Python 3.6 equivalent of md5 digest() method?

765 Views Asked by At

I'am having trouble in achieving the same results of md5 digest() method from Python 2.7 in Python 3.6.

Python 2.7:

import md5

encryption_base  = 'cS35jJYp15kjQf01FVqA7ubRaNOXKPmYGRbLUiimX0g3frQhzOZBmTSni4IEjHLWYMMioGaliIz5z8u2:abcdefghkmnopqrstuvwxyz:4'
digest = md5.new (encryption_base).digest()
print(digest)

#T┼ǃ×ÞRK(M<¶┤#  ²

Python 3.6:

from hashlib import md5

encryption_base  = 'cS35jJYp15kjQf01FVqA7ubRaNOXKPmYGRbLUiimX0g3frQhzOZBmTSni4IEjHLWYMMioGaliIz5z8u2:abcdefghkmnopqrstuvwxyz:4'
digest = md5(encryption_base.encode()).digest()
print(digest)

#b'T\xc5\x80\x9f\x9e\xe8RK(M<\xf4\xb4#\t\xfd'

How can I get the same string as in the Python 2.7 result? .hexdigest is not the case for this also.

1

There are 1 best solutions below

4
On BEST ANSWER

You have the exact same result, a bytestring. The only difference is that in Python 3 printing a bytestring gives you a debugging-friendly representation, not the raw bytes. That's because the raw bytes are not necessarily printable and print() needs Unicode strings.
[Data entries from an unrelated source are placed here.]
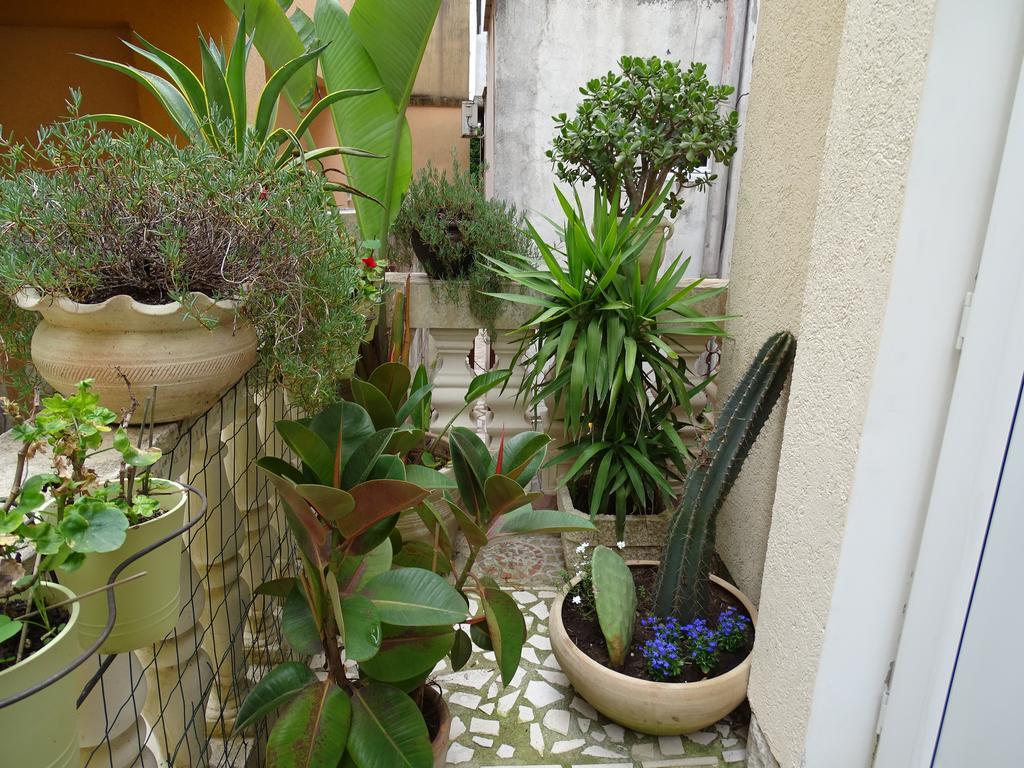 Apartament - Lisa บุดวา ภายนอก รูปภาพ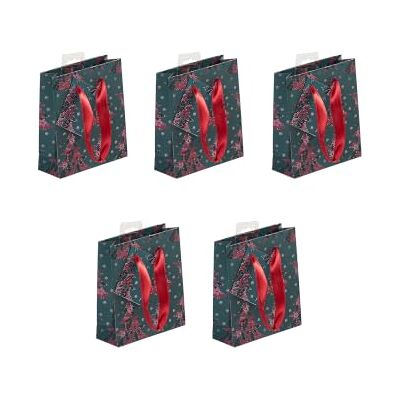 Clairefontaine 212888Cpack Packung 5 Geschenktasche Tüte , Format S (12x4,5x13,5cm), Kollektion Weihnachten Velvet, 170g, Tannenbaum Vegetal Grün, für Parfum und kleine Geschenke, 1 Pack Clairefontaine 212888Cpack Packung 5 Geschenktasche Tüte , Format S (12x4,5x13,5cm), Kollektion Weihnachten Velvet, 170g, Tannenbaum Vegetal Grün, für Parfum und kleine Geschenke, 1 Pack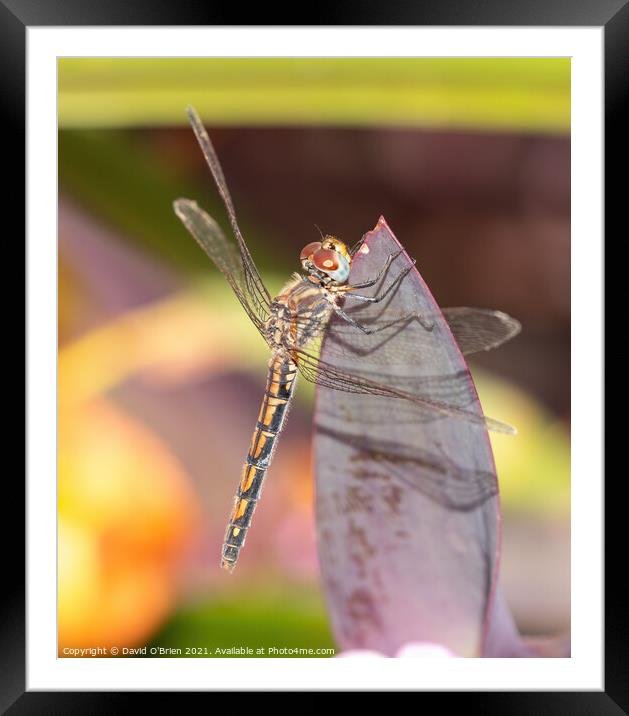 Red-veined Dropwing Dragonfly Framed Mounted Print by David O'Brien
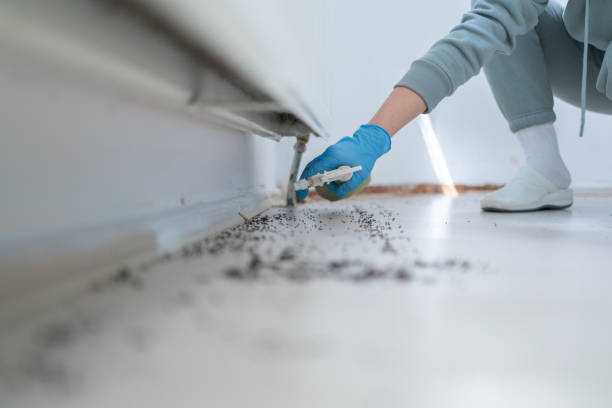Best Bed Bug Extermination  in South Riding, VA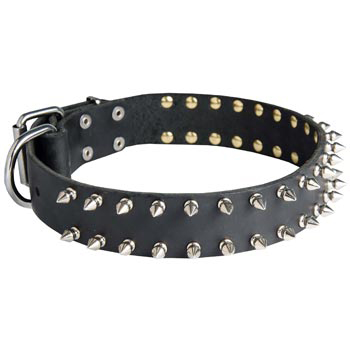 Spiked Leather Collar for Amstaff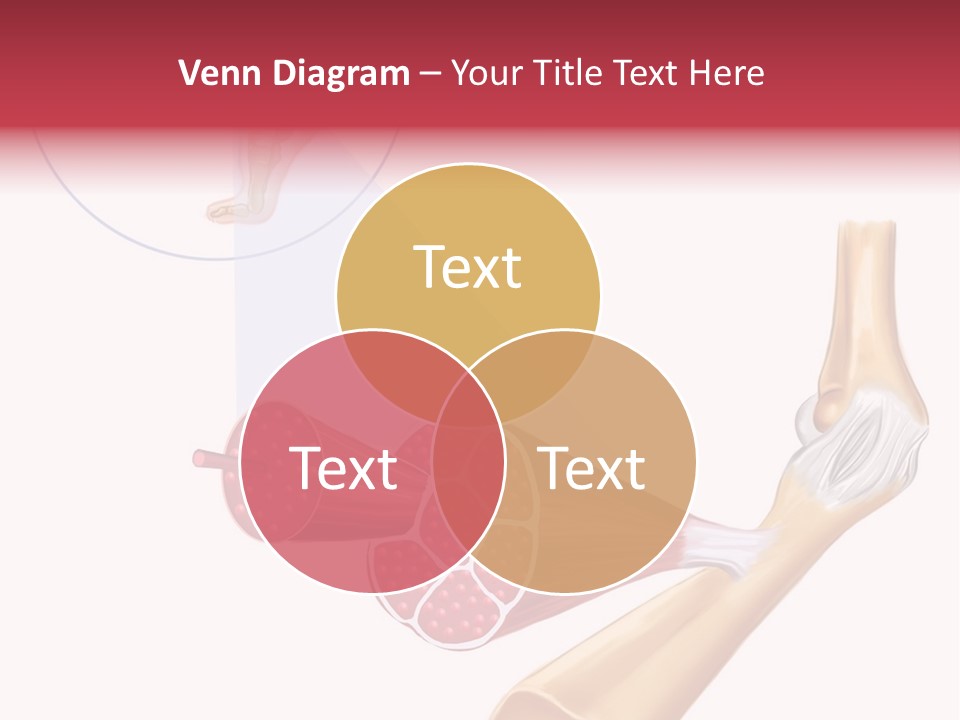 A Picture Of A Human Leg With Muscles Highlighted PowerPoint Template
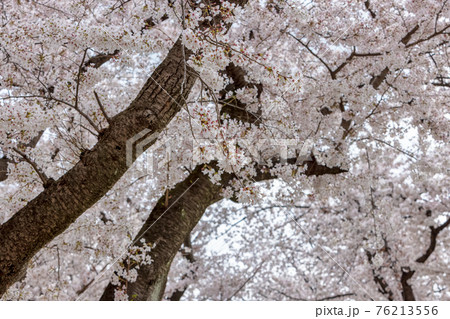 京都背割提桜 (3月 桜 満開) 京都背割提桜 (3月 桜 満開) 76213556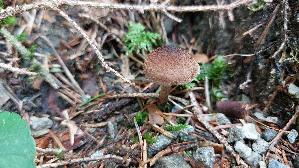 Struppiger-Ris--spilz_Inocybe-lacera_20250905_103031.jpg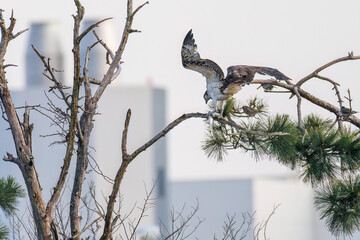 魚を捕らえ掴んだまま飛翔する美しいミサゴ（タカ科）
英名学名：osprey...
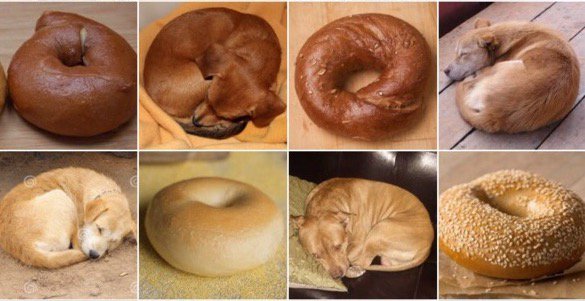 Dog or Bagel?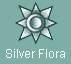 Silver Flora Medal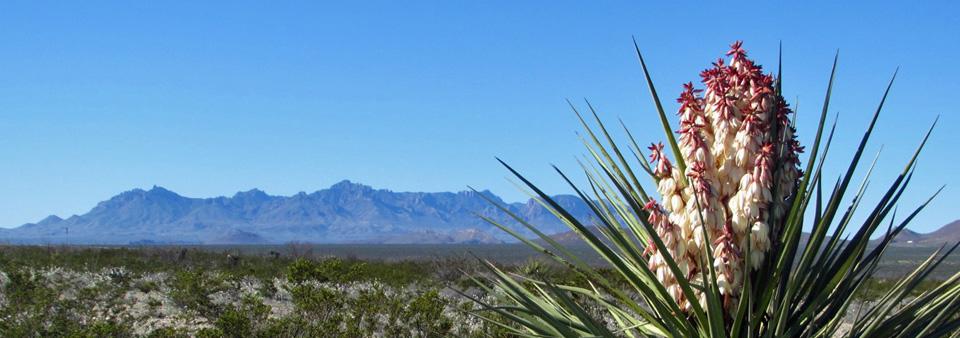In 2019, Big Bend saw a record 466,000 visitors. February through April is the busiest time of year in Big Bend and park visitors should be prepared for full campgrounds and lodging/NPS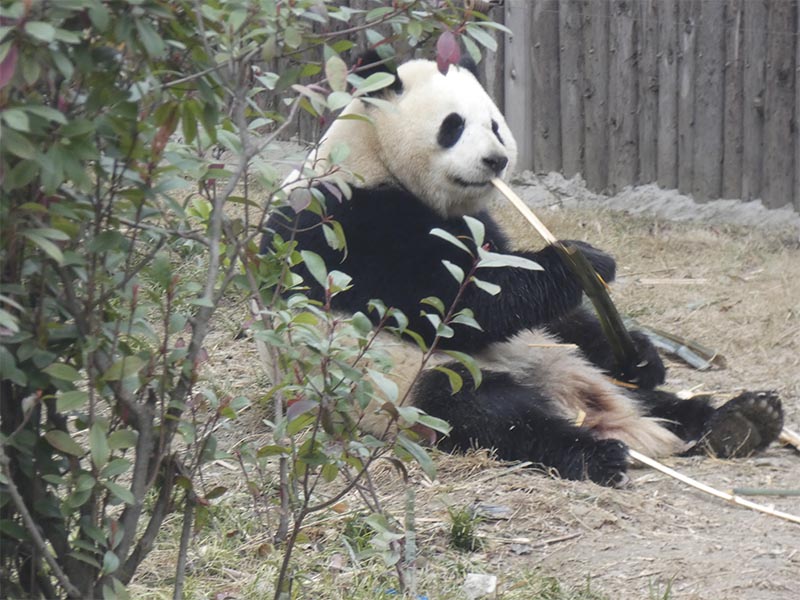 Jin-Xi, macho de oso panda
If you must have the same output, write the bytes directly to the stdout buffer, bypassing the Unicode TextIOWrapper() that takes care of encoding text to the underlying locale codec:

import sys

digest = md5(encryption_base.encode('ASCII')).digest()
sys.stdout.buffer.write(digest + b'\n')

Note that you must ensure that you define your encryption_base value as a bytes value too, or at least encode it to the same codec, ASCII, like I did above.

Definining it as a bytestring gives you the same value as in Python 2 without encoding:

encryption_base  = b'cS35jJYp15kjQf01FVqA7ubRaNOXKPmYGRbLUiimX0g3frQhzOZBmTSni4IEjHLWYMMioGaliIz5z8u2:abcdefghkmnopqrstuvwxyz:4'

When you use str.encode() without explicitly setting an argument, you are encoding to UTF-8. IF your encryption_base string only consists of ASCII codepoints, the result would be the same, but not if you have any Latin-1 or higher codepoints in there too. Don't conflate bytes with Unicode codepoints! See https://nedbatchelder.com/text/unipain.html to fully understand the difference and how that difference applies to Python 2 and 3.